A tempestade desmascara a nossa vulnerabilidade e deixa a descoberto as falsas e supérfluas seguranças com que construímos os nossos programas, os nossos projetos, os nossos hábitos e prioridades. Mostra-nos como deixamos adormecido e abandonado aquilo que nutre, sustenta e dá força à nossa vida e à nossa comunidade. A tempestade põe a descoberto todos os propósitos de “empacotar” e esquecer o que alimentou a alma dos nossos povos; todas as tentativas de anestesiar com hábitos aparentemente “salvadores”, incapazes de fazer apelo às nossas raízes e evocar a memória dos nossos idosos, privando-nos assim da imunidade necessária para enfrentar as adversidades.

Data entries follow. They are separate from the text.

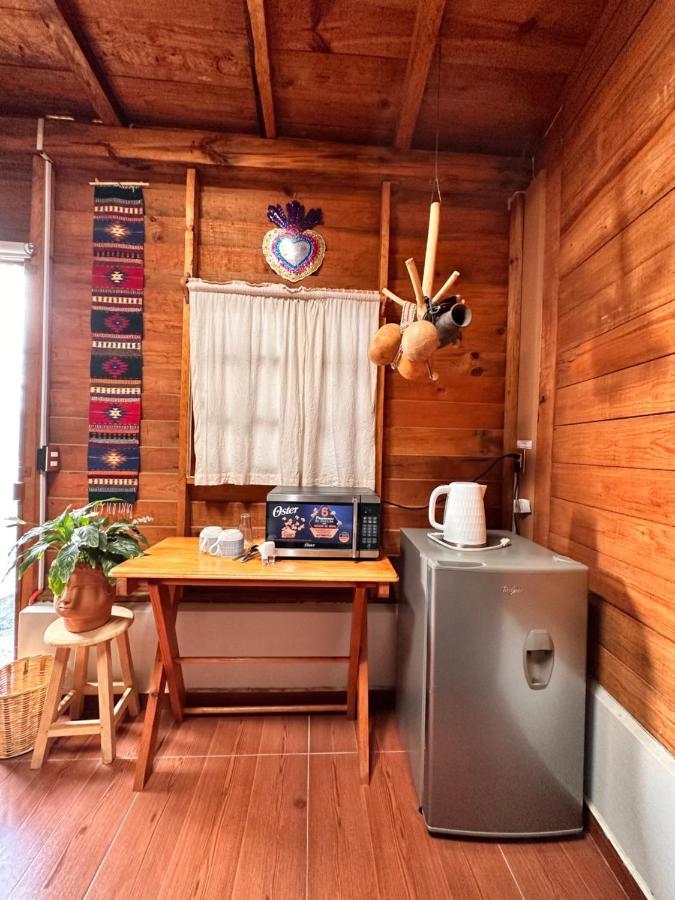 Cabana Campestre En Oaxaca Екстериор снимка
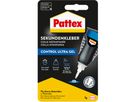 PATTEX Adesivo istantaneo PSG5C Control Ultra gel Matic 3g (4015000415057)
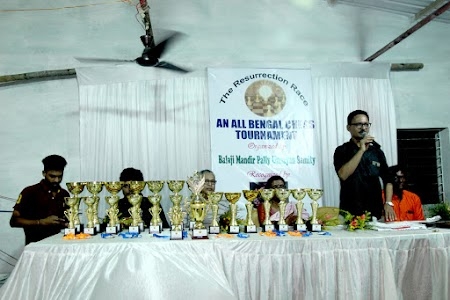Balaji Mandir Pally Unnayan Samity Club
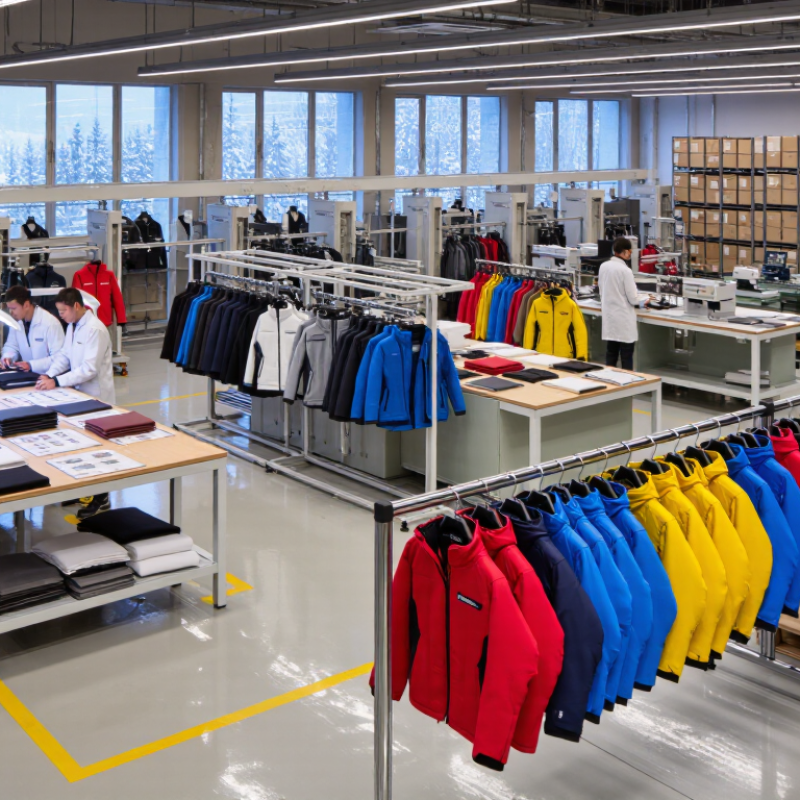 Top 10 Ski Jacket Manufacturers for Global Buyers?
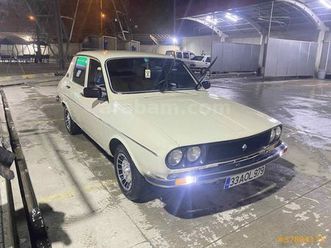 sahibinden renault r 12 tx 1985 model kahramanmaraş 100.000 km bej - 37884173 | arabam.com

Com a tempestade, caiu a maquiagem dos estereótipos com que mascaramos o nosso “eu” sempre preocupado com a própria imagem; e ficou a descoberto, uma vez mais, aquela (abençoada) pertença comum a que não nos podemos subtrair: a pertença como irmãos.

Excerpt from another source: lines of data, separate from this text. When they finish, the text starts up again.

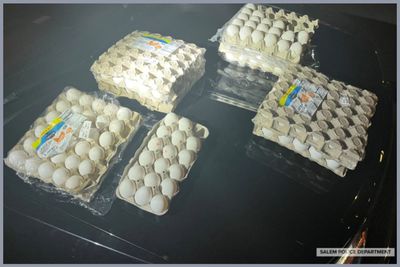 Oregon Couple Arrested With Hundreds of Eggs on Third Night of Drive-By Egg Attacks on Homeless People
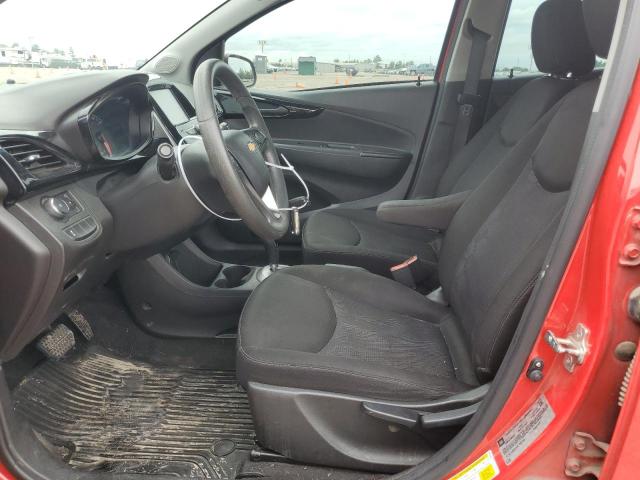 Photo 7 from auction – 2017 CHEVROLET SPARK 1LT with VIN KL8CD6SA2HC728738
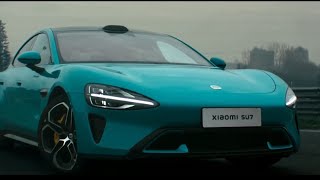 Xiaomi SU7   Drift Mode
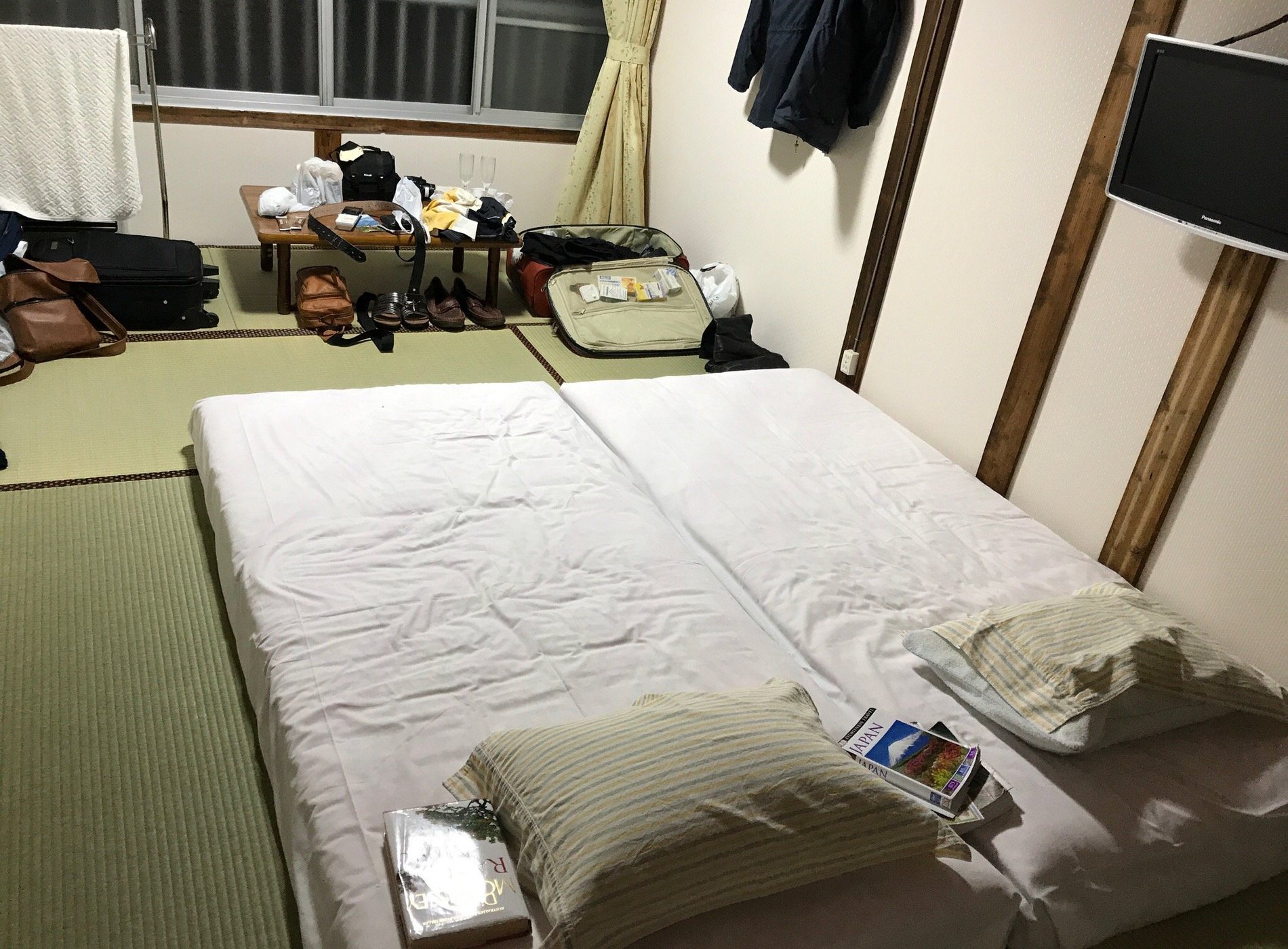 富士吉田ユースホステル Fujiyoshida Youth Hostel by null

“Porque sois tão medrosos? Ainda não tendes fé?” Nesta tarde, Senhor, a tua Palavra atinge e toca-nos a todos. Neste nosso mundo, que Tu amas mais do que nós, avançamos a toda velocidade, sentindo-nos em tudo fortes e capazes. Na nossa avidez de lucro, deixamo-nos absorver pelas coisas e transtornar pela pressa. Não nos detivemos perante os teus apelos, não despertamos face a guerras e injustiças planetárias, não ouvimos o grito dos pobres e do nosso planeta gravemente enfermo. Avançamos, destemidos, pensando que continuaríamos sempre saudáveis num mundo doente. Agora nós, sentindo-nos em mar agitado, imploramos-Te: “Acorda, Senhor!”
“Porque sois tão medrosos? Ainda não tendes fé?” Senhor, lanças-nos um apelo, um apelo à fé. Esta não é tanto acreditar que Tu existes, como sobretudo vir a Ti e fiar-se de Ti. Nesta Quaresma, ressoa o teu apelo urgente: “Convertei-vos…”. “Convertei-Vos a Mim de todo o vosso coração” (Jl 2, 12). Chamas-nos a aproveitar este tempo de prova como um tempo de decisão. Não é o tempo do teu juízo, mas do nosso juízo: o tempo de decidir o que conta e o que passa, de separar o que é necessário daquilo que não o é. É o tempo de reajustar a rota da vida rumo a Ti, Senhor, e aos outros. E podemos ver tantos companheiros de viagem exemplares, que, no medo, reagiram oferecendo a própria vida. É a força operante do Espírito derramada e plasmada em entregas corajosas e generosas. É a vida do Espírito, capaz de resgatar, valorizar e mostrar como as nossas vidas são tecidas e sustentadas por pessoas comuns (habitualmente esquecidas), que não aparecem nas manchetes dos jornais e revistas, nem nas grandes passarelas do último espetáculo, mas que hoje estão, sem dúvida, a escrever os acontecimentos decisivos da nossa história: médicos, enfermeiros e enfermeiras, trabalhadores dos supermercados, pessoal da limpeza, curadores, transportadores, forças policiais, voluntários, sacerdotes, religiosas e muitos – mas muitos – outros que compreenderam que ninguém se salva sozinho. Perante o sofrimento, onde se mede o verdadeiro desenvolvimento dos nossos povos, descobrimos e experimentamos a oração sacerdotal de Jesus: “Que todos sejam um só” (Jo 17, 21). Quantas pessoas dia a dia exercitam a paciência e infundem esperança, tendo a peito não semear pânico, mas corresponsabilidade! Quantos pais, mães, avôs e avós, professores mostram às nossas crianças, com pequenos gestos do dia a dia, como enfrentar e atravessar uma crise, readaptando hábitos, levantando o olhar e estimulando a oração! Quantas pessoas rezam, se imolam e intercedem pelo bem de todos! A oração e o serviço silencioso: são as nossas armas vencedoras.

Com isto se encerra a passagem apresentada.